● Data
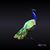 Cindy Rose Chipps-Ennis's profile image
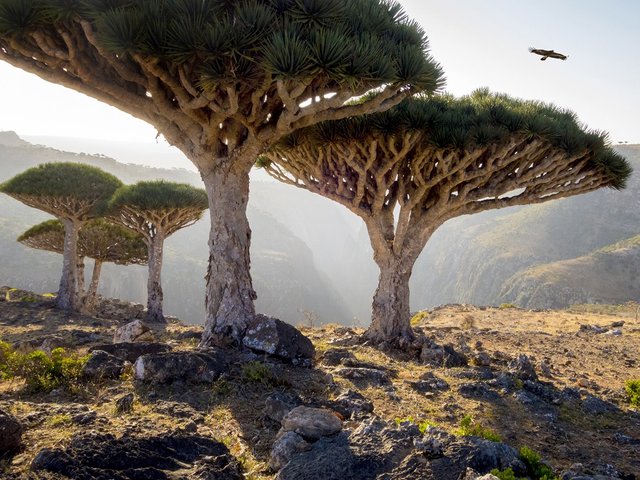 dragon-trees-socotra-yemen.jpg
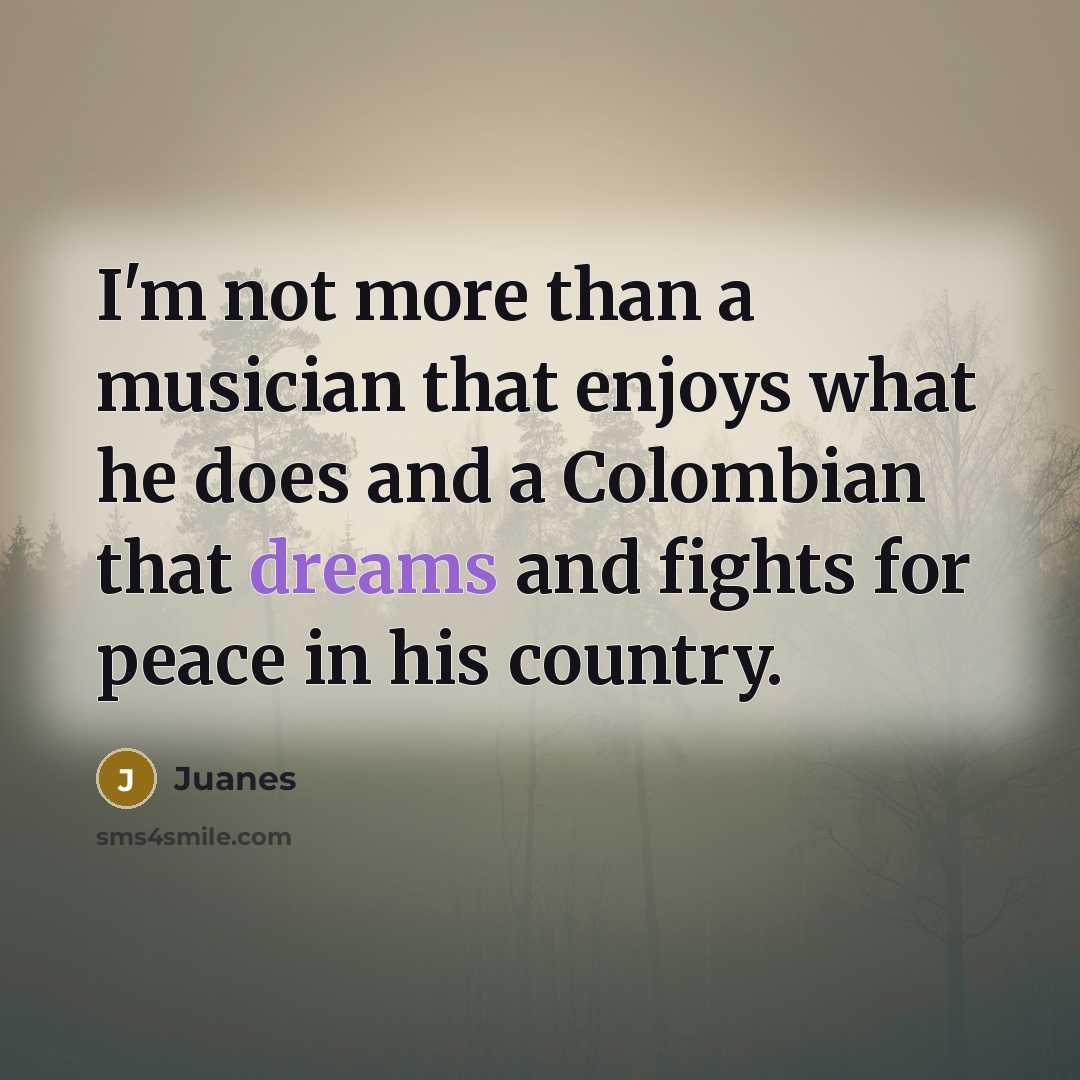 “I'm not more than a musician that enjoys what he…” quote by Juanes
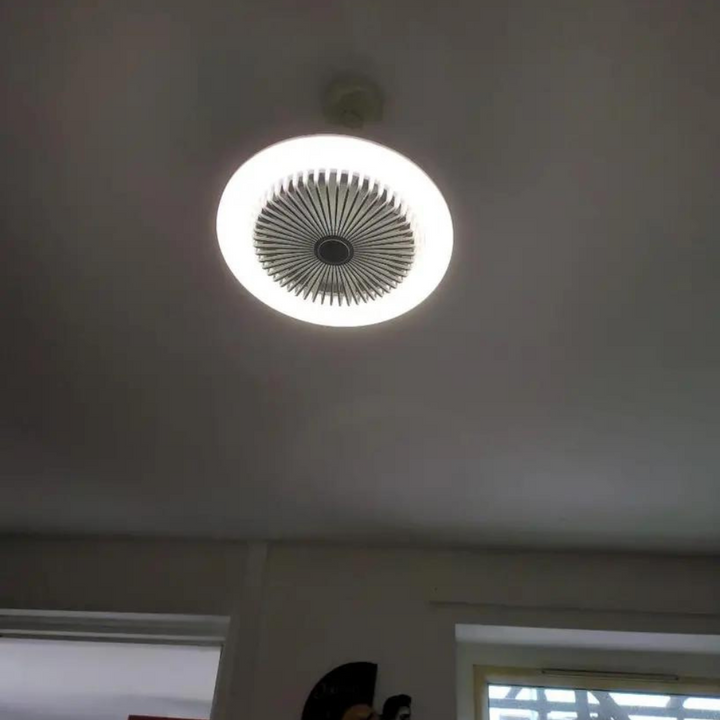Aromatherapy Bulb Fan | Bowlift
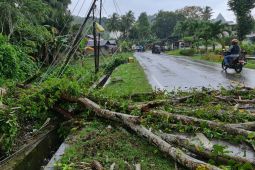 PLN pulihkan 89 persen suplai listrik pelanggan di Pulau Nias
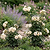 Flower Cage Trumpet - 2 Pack | Vego Garden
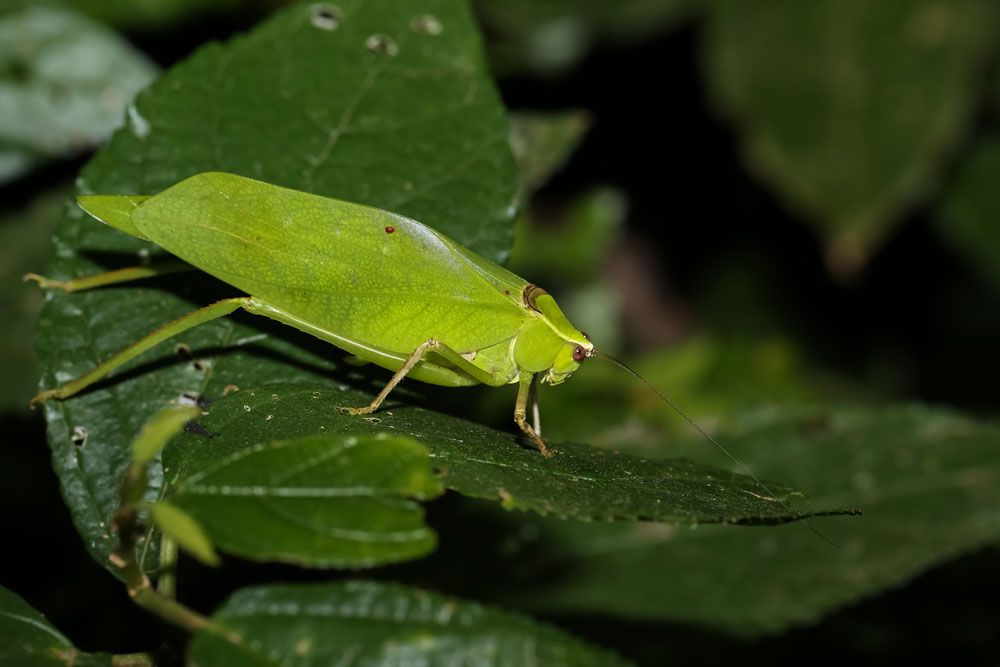 Giant leaf insects look like a real leaves! by Daria Koshmerynska - Ourboox.com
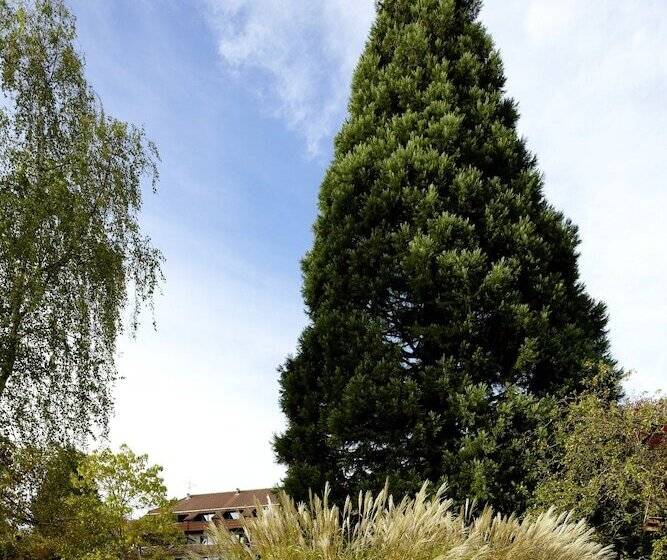 Naturkulturhotel Stumpf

● About this task
Take the lines from the one holding "dragon-trees-socotra-yemen.jpg" through the final line of the listing above and copy them exactly, both ends included, with no pictures.

● Response to this task
 dragon-trees-socotra-yemen.jpg
 “I'm not more than a musician that enjoys what he…” quote by Juanes
Aromatherapy Bulb Fan | Bowlift
 PLN pulihkan 89 persen suplai listrik pelanggan di Pulau Nias
 Flower Cage Trumpet - 2 Pack | Vego Garden
 Giant leaf insects look like a real leaves! by Daria Koshmerynska - Ourboox.com
 Naturkulturhotel Stumpf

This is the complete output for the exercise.